000 Xxxxxxxxx Xxxxxx
Xxx Xxxx, Xxx Xxxx 00000-0000
Dear Sirs:
Warburg, Xxxxxx Strategic Value Fund, Inc. (the "Fund"), a
corporation organized and existing under the laws of the State of Maryland,
herewith confirms its agreement with Warburg, Xxxxxx Counsellors, Inc. (the
"Adviser") as follows:
1. Investment Description; Appointment
The Fund desires to employ the capital of the Fund by
investing and reinvesting in investments of the kind and in accordance with the
limitations specified in its Articles of Incorporation, as may be amended from
time to time, and in its Prospectus and Statement of Additional Information as
from time to time in effect, and in such manner and to such extent as may from
time to time be approved by the Board of Directors of the Fund.
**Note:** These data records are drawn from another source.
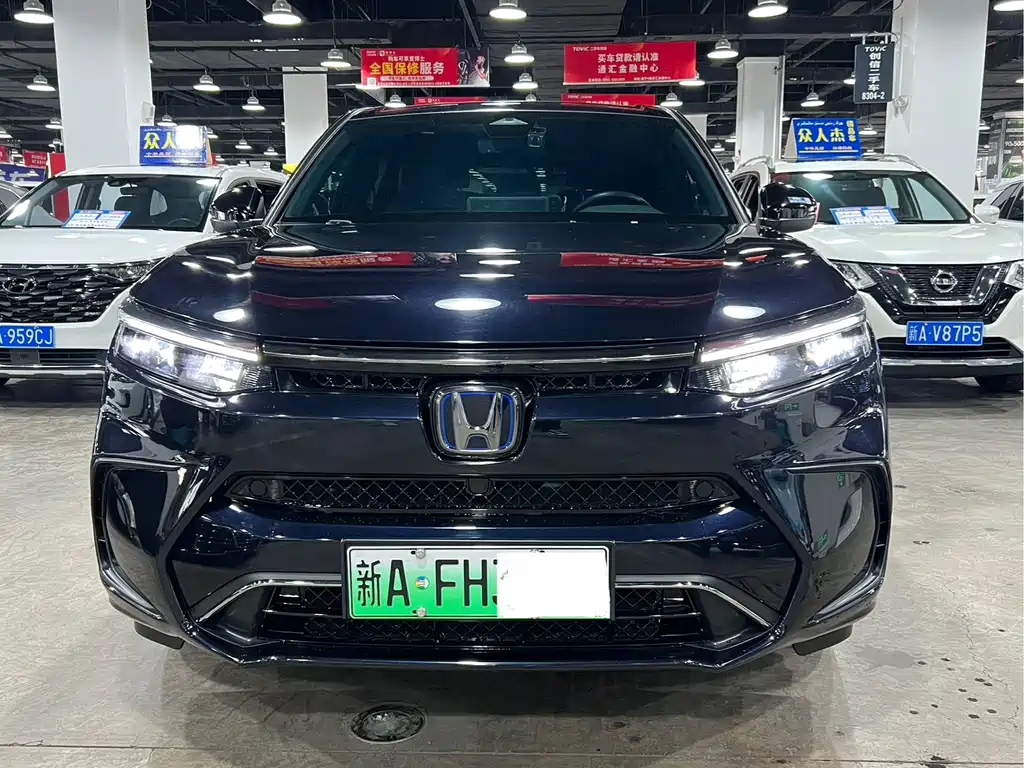 Honda Breeze PHEV 2024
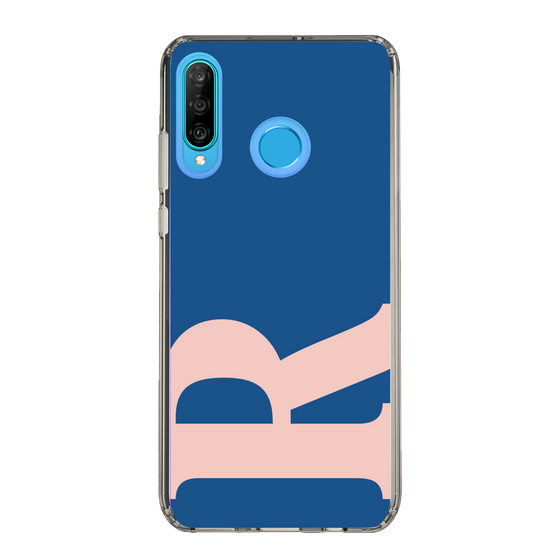 Slim Protection Case［ Original - initial color - R navy ］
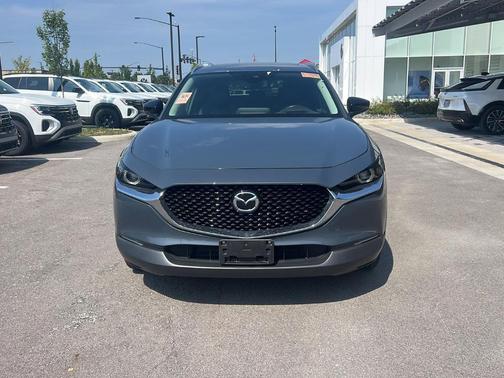 2022 Mazda CX-30 2.5 Turbo Premium Package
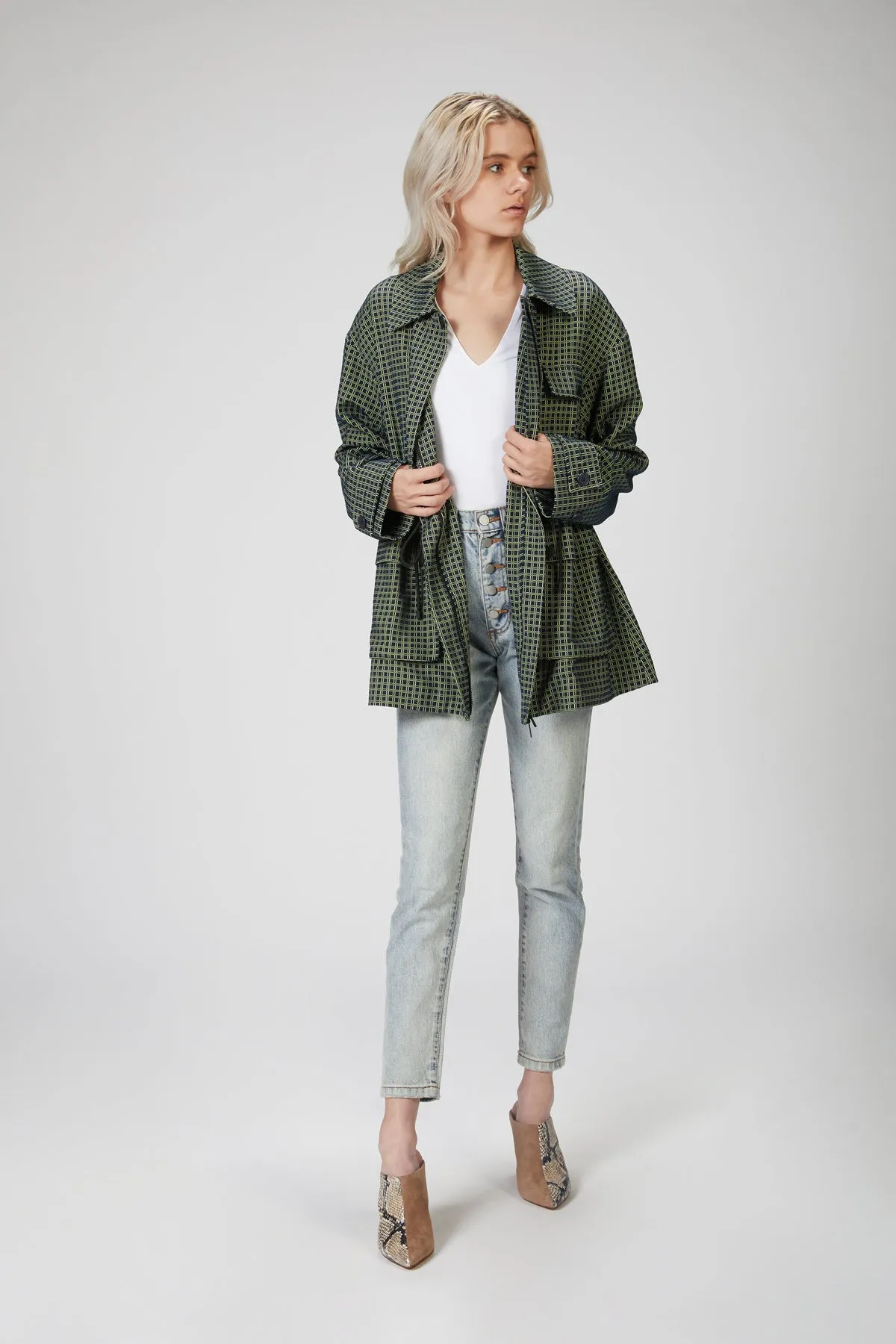 NIKLAS JACKET
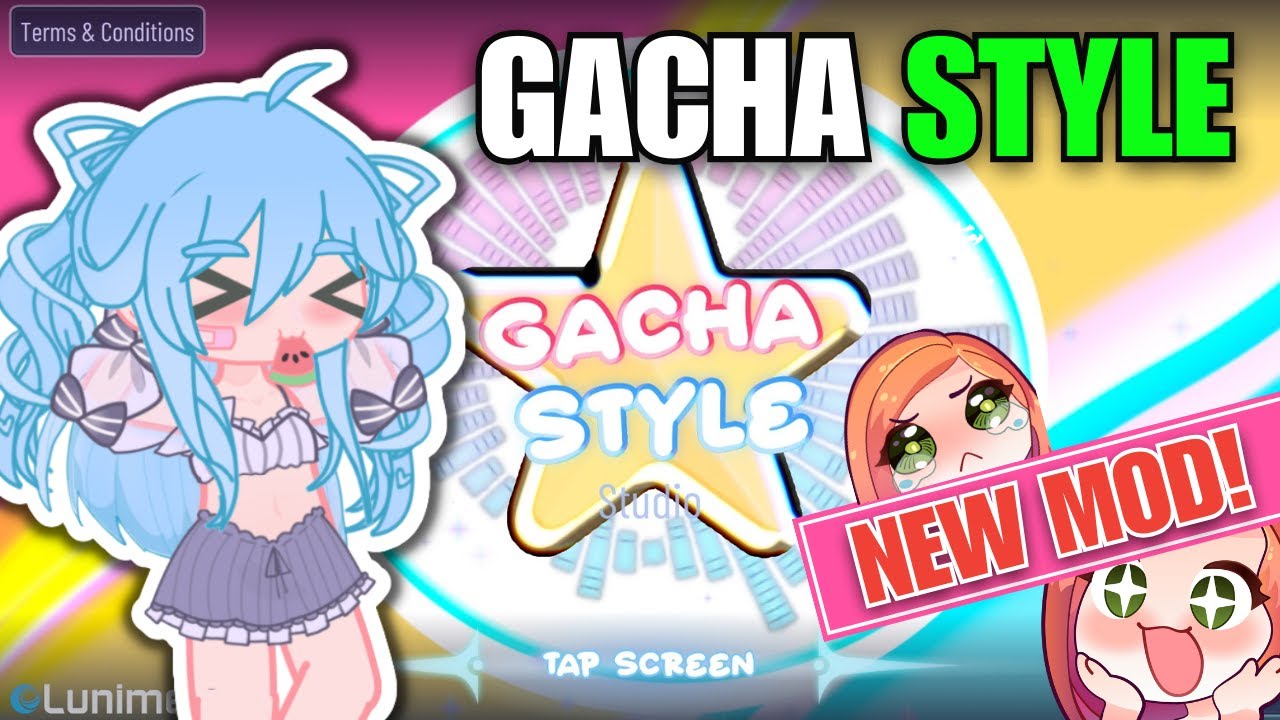 Gacha Sweetu Apk v0.2.8 Download - Android & Pc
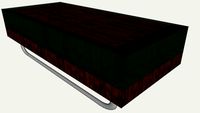 Matching coffee table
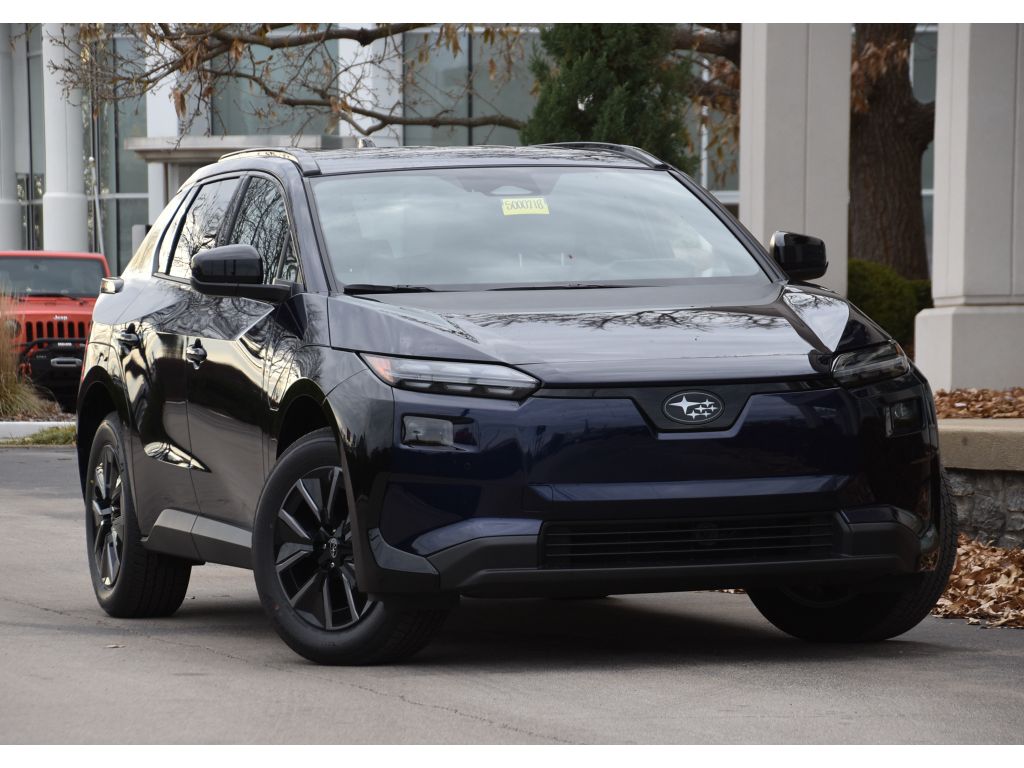 2026 Subaru Solterra Premium's photo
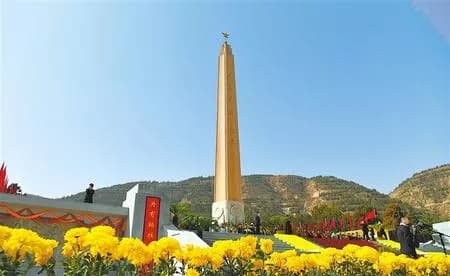 兰州市烈士陵园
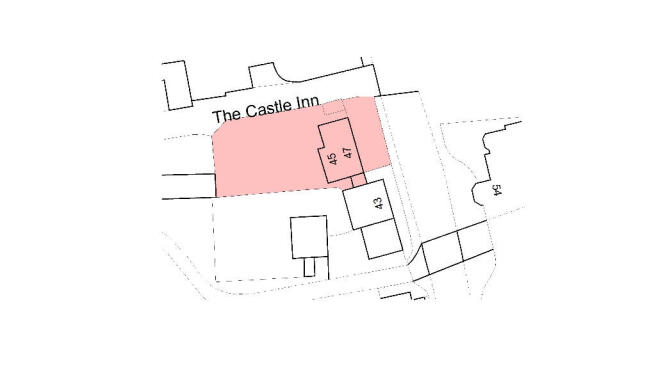 Boundary plan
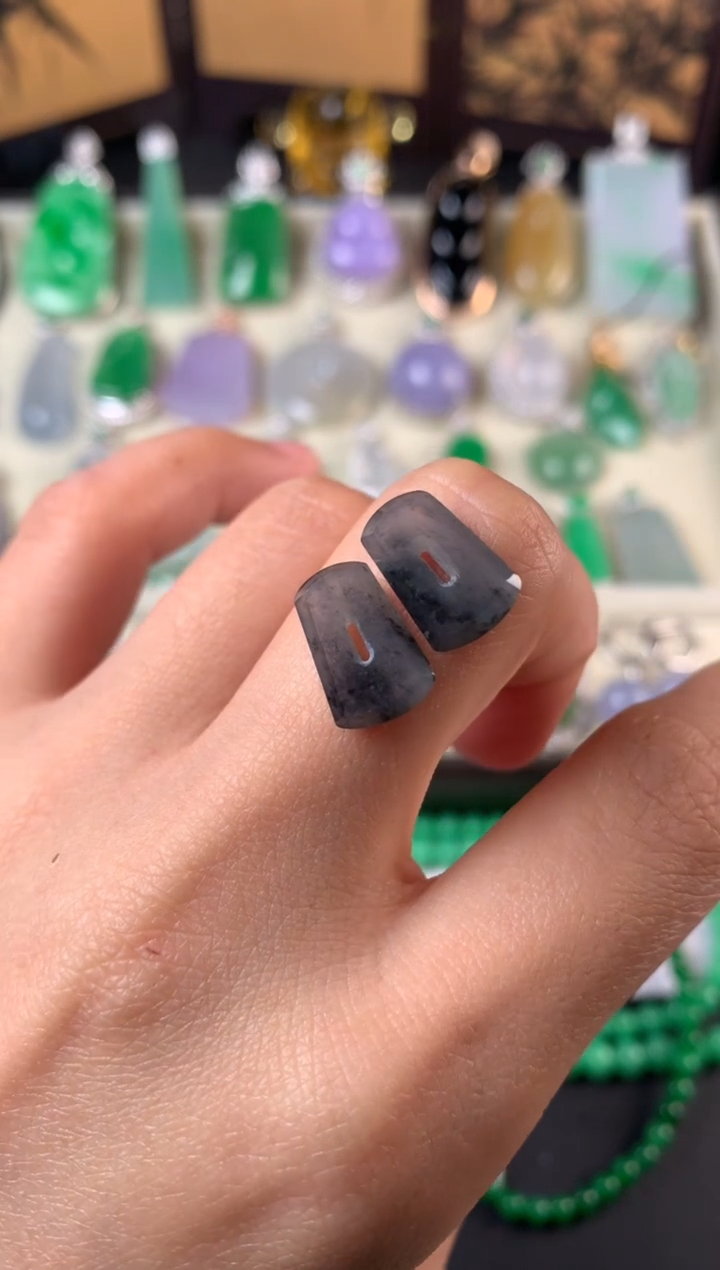 未镶嵌定制翡翠裸石（镶嵌定制）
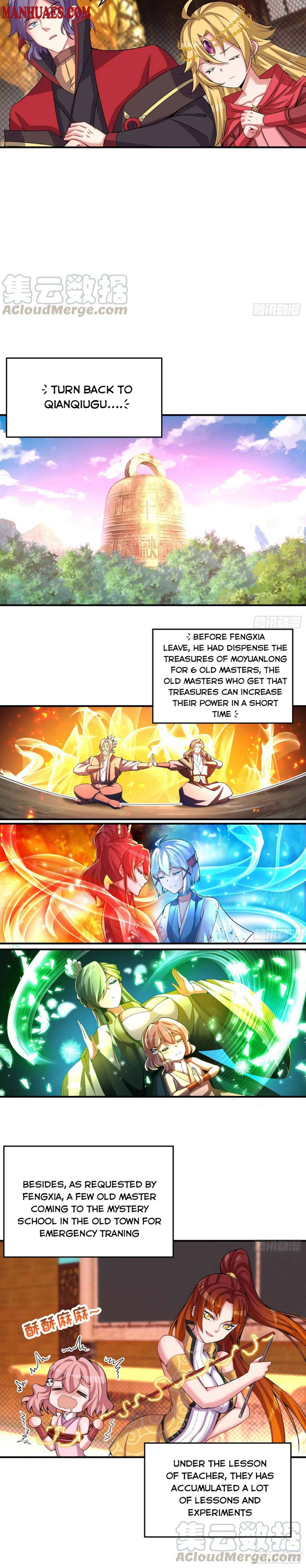 I Picked up an Attribute chapter 57 page 7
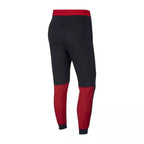 Pantalon De Survêtement Nike Nsw Hbr - Noir Et Rouge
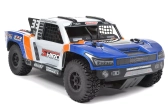 SHIROI XP 6S - RTR - Brushless Power 6S - modrá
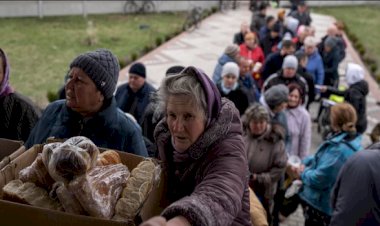 BM: Ukrayna'da en az 1892 sivil öldü, 4 milyon 615 bin 830 kişi komşu ülkelere geçti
Copies of the
Fund's Prospectus and Statement of Additional Information, as each may be
amended from time to time, have been or will be submitted to the Adviser. The
Fund desires to employ and hereby appoints the Adviser to act as investment
adviser to the Fund. The Adviser accepts the appointment and agrees to furnish
the services for the compensation set forth below.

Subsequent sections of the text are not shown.